L’appello è infondato.

La pretesa poggia, in sostanza sulla tesi, che non può essere condivisa, dell’esistenza di un divieto di reformatio in pejus da intendersi in senso dinamico e, così, operativo non solo al momento del trasferimento dalla Cassa per il Mezzogiorno alle dipendenze della Regione ma per tutta la durata del rapporto instaurato col nuovo ente di appartenenza.

La giurisprudenza, con la quale si concorda, ha già affermato (v. ad es. Cons.
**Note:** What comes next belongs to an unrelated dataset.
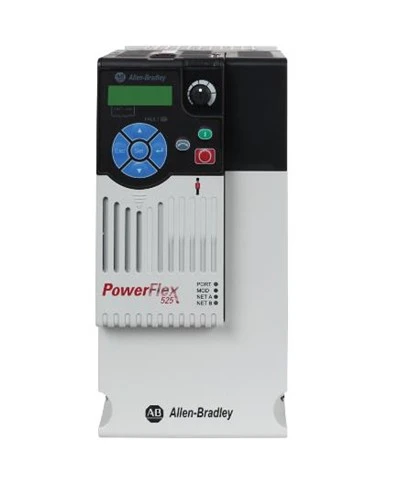 Inversor CA Allen-Bradley 25B-D017N104 PowerFlex 525, com EtherNet/IP integrado e segurança, 480 VCA, trifásico, 10 HP, 7,5 KW Serviço normal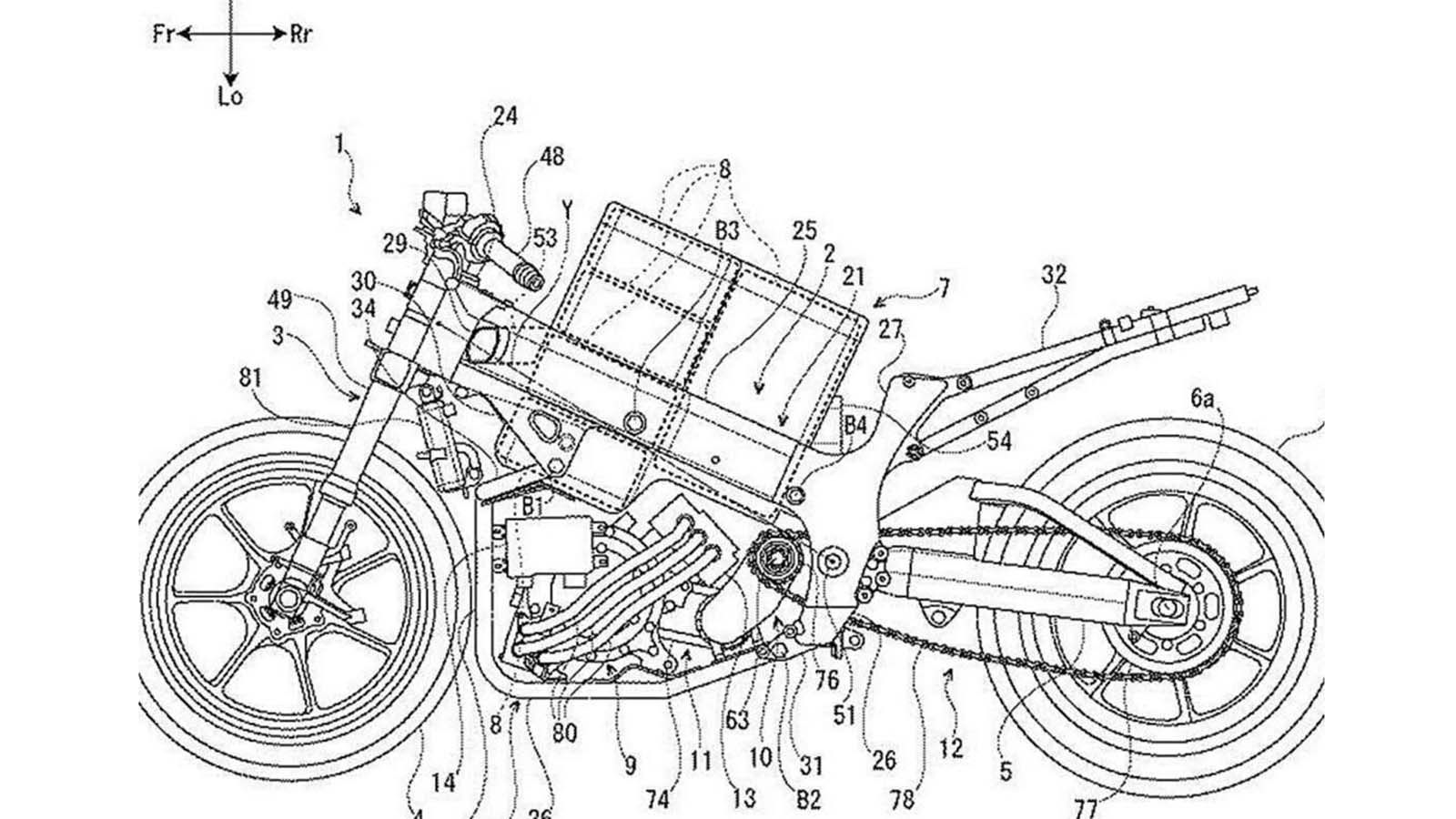 Δύο από τα σχέδια της Suzuki για την ηλεκτρική μοτοσυκλέτα που αναπτύσσει.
Stato, V sez., 18.9.2008, n. 4454; id., IV sez. 28.12.2000, n. 7005) che i dipendenti della Cassa per il Mezzogiorno trasferiti alle Regioni hanno diritto al mantenimento dei diritti acquisiti fino alla data del loro trasferimento, per cui non sono applicabili ad essi i successivi contratti collettivi riguardanti il personale dell’Agenzia per la promozione e lo sviluppo del Mezzogiorno, succeduto alla Cassa, né gli stessi influiscono sulla base da assumere per il calcolo dell’indennità di buonuscita ad essi spettante.

L’art. 147 del DPR 6.3.1978 n. 218 ha disposto, infatti, che il personale periferico della Cassa del Mezzogiorno impegnato in determinati servizi, tra cui la gestione degli acquedotti, fosse trasferito alle regioni conservando i diritti acquisiti sotto forma di assegni personali riassorbibili nei successivi miglioramenti retributivi.

La norma ha, dunque, la funzione di cristallizzare il trattamento economico degli interessati, da prendere a base per la successiva applicazione della normativa riguardante il nuovo rapporto di impiego con la regione; va escluso, quindi, che si tatti, come apoditticamente sostenuto dai ricorrenti, della continuazione del medesimo rapporto di lavoro, non avendo la disposizione predetta accollato alle regioni il pregresso rapporto di lavoro, ma semplicemente salvaguardato il livello retributivo raggiunto dai dipendenti trasferiti, garantendo il mantenimento dei diritti acquisiti fino alla data del loro trasferimento.

Il principio del divieto di reformatio in pejus di cui la norma costituisce espressione, del resto, ha la funzione di evitare che i predetti vengano, a seguito del trasferimento, a subire perdite, non quella di consentire loro il avvantaggiarsi di miglioramenti nel corso del tempo ottenuti da altre categorie di dipendenti, nella specie quelli confluiti nell’Agensud.

L’appello va, pertanto, respinto.

Le spese seguono la soccombenza e sono liquidate in dispositivo.

P.Q.M.

Il Consiglio di Stato in sede giurisdizionale (Sezione Quarta) definitivamente pronunciando sull’appello, come in epigrafe proposto, lo respinge.

Condanna gli appellanti, in solido, a rifondere alle controparti le spese del giudizio che liquida in complessivi Euro 3.000,00 (di cui 1.000,00 per ciascuna parte) oltre i.v.a. e c.p.a.

Ordina che la presente sentenza sia eseguita dall’autorità amministrativa.

Testo non ufficiale. La sola stampa del bollettino ufficiale ha carattere legale.